Review: Ta-Nehisi Coates’s debut novel ‘The Water Dancer’

Cover+of+The+Water+Dancer

Courtesy of Oprah's Book Club

Cover of “The Water Dancer”

Few writers have names that hold the weight of Ta-Nehisi Coates in 2019. The 44-year-old Baltimore, Maryland native has amassed a devoted following on the back of three nonfiction books, a handful of essential pieces of journalism for The Atlantic and a collection of “Black Panther” comics. And now, the 2015 National Book Award winner for nonfiction has something new: a debut novel. 

“The Water Dancer,” a sprawling, 403-page story of magic, the Underground Railroad, slavery, love and the power of memory arrived Sept. 24 with great curiosity and expectations.

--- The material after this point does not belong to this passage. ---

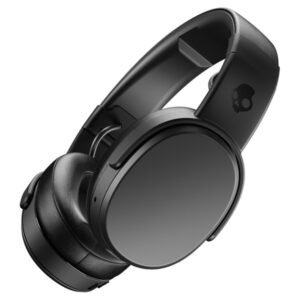 Skullcandy Crusher Black Friday deals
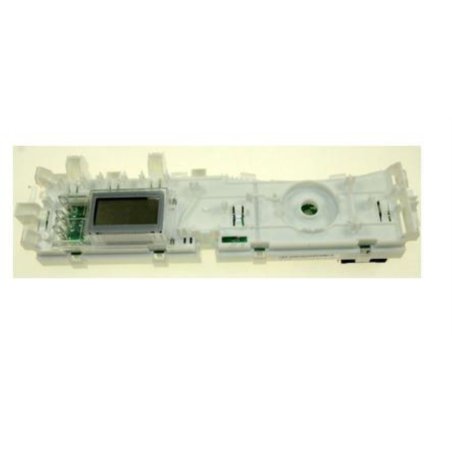 Modulo electronico F2812 LB6W240A0 F2810 ANT.2009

Still, somehow Coates seems to have exceeded those expectations.

The novel follows the story of young Hiram Walker. Born during the Antebellum period in Virginia to a black mother and her master, a white man, Hiram is blessed and cursed with the power of memory. Whether he sees it, reads it or hears it, Hiram remembers. However, there is one exception: his mother, a woman sold by his father when he was still a child. 

Over the course of the novel, we watch as Hiram grows into his powers, from a curious, observant young boy into an often brilliant, cunning and brave man. Along the way, recognized for his talents, Hiram is recruited to the Underground, a resistance group of black and white men and women. The leader of that group is none other than Harriet Tubman, or Moses, as she is known in the novel, along with a handful of other names. Hiram, thanks to his flawless memory, strong intellect and potential for even more magic (to say exactly what would be a spoiler), rises quickly in the ranks of the Underground, spearheading many a rescue mission, including the potential rescue of Sophia, the woman he loved at the Lockless plantation in Virginia.

This love story is at the very heart of Coates’ debut novel. It is perhaps the most consistently beautiful storyline, and the one handled with the most grace. For as promising as the idea of magic is, and the attached metaphor of Hiram not being able to come into the extent of his power until he accepts his history, it is at times a clunky, unwieldy presence in the book. The few times the novel does veer off the train tracks, losing its footing tonally, is when magic comes into play. That is not to say it doesn’t work at all, for it often does, but the presence of literal magic does not work with the consistency of the story of Hiram and Sophia or Hiram and his relationships with people in the Underground. 

Ultimately, while the plot does work on both a profound level and a page-turner level – for “Water Dancer” remains, while chock full of ideas, immensely readable – the skill Coates most brings to the table here, which was present in his nonfiction work, is his ability to craft individual sentences on a rare level. Consider the very first sentence of the novel, a description so vivid, so artfully constructed, that Coates wastes no time reminding us of the power he holds with his pen. 

“And I could only have seen her there on the stone bridge, a dancer wreathed in ghostly blue, because that was the way they would have taken her back when I was young, back when the Virginia earth was still red as brick and red with life, and though there were other bridges spanning the river Goose, they would have bound her and brought her across this one, because this was the bridge that fed into the turnpike that twisted its way through the green hills and down the valley before bending in one direction, and that direction was south.”

While “The Water Dancer” stands as a real accomplishment, and at times a masterful debut novel, perhaps the most exciting part of it is that it is still his first work of fiction. Where will Coates be in two books? In three? As good as “Water Dancer” is, it is entirely probable that he will only get better as spends more and more time learning to craft a story entirely his own over the span of hundreds of pages. While we knew coming into “Water Dancer” the skill he had for nonfiction work and individual sentences, we now have reason to believe Coates is capable of even more. And, just like Hiram, it’ll be a joy to watch him come into the full extent of his powers.